I am looking for a regex that can match any line of code that contains a single reference to a core module)

Something like this:

const coreModuleMatches = /'^[var|const]{0,1}[a-z\$\_]{1,}=require([\'|"][assert|fs|path][\'|"])[;|,]{0,1}$/;

This should match all of these lines

var pth = require("path"); 
const asrt = require('assert'),
     fs = require('fs'),
     cp = require('child_process');

The problem is I can't get the simple regex to work, so my more complex regex currently has no hope.

I am stripping out all whitespace except newline characters before matching the code with regular expressions, and then splitting by newline so that I can go line by line through the code.
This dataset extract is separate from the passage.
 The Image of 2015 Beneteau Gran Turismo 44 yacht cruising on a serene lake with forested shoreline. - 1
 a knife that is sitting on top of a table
Any ideas welcome.

Alexander Mills
  • 90,741
  • 139
  • 482
  • 817
  • 4
    You forgot to escape `(` and `)`. –  Mar 20 '16 at 09:00
  • Is string from `var. . . . . ('child_process');` one match or two different matches ? –  Mar 20 '16 at 10:03
  • http://stackoverflow.com/questions/399078/what-special-characters-must-be-escaped-in-regular-expressions and http://stackoverflow.com/questions/9801630/what-is-the-difference-between-square-brackets-and-parentheses-in-a-regex – Wiktor Stribiżew Mar 20 '16 at 11:03
  • var. . . . . ('child_process'); is one match, and the subexpression I really care about is simply 'child_process', I just want an array of core-modules that are referenced in the code. – Alexander Mills Mar 20 '16 at 18:50

2 Answers2

1

Apart from forgetting to escape ( and ) there were few mistakes in your regex too.

Your Regex:

/'^[var|const]{0,1}[a-z\$\_]{1,}=require([\'|"][assert|fs|path][\'|"])[;|,]{0,1}$/

My Regex:

/^(?:var|const)\s*([a-z$_]+\s*=\s*require\(('|")(?:assert|fs|path|child_process)\2\),?[\n\r\t\s]*)*;$/

Explanation:

  • (?:var|const)\s*([a-z$_]+\s*=\s* This matches from var or const upto the variable name followed by = including all whitespaces.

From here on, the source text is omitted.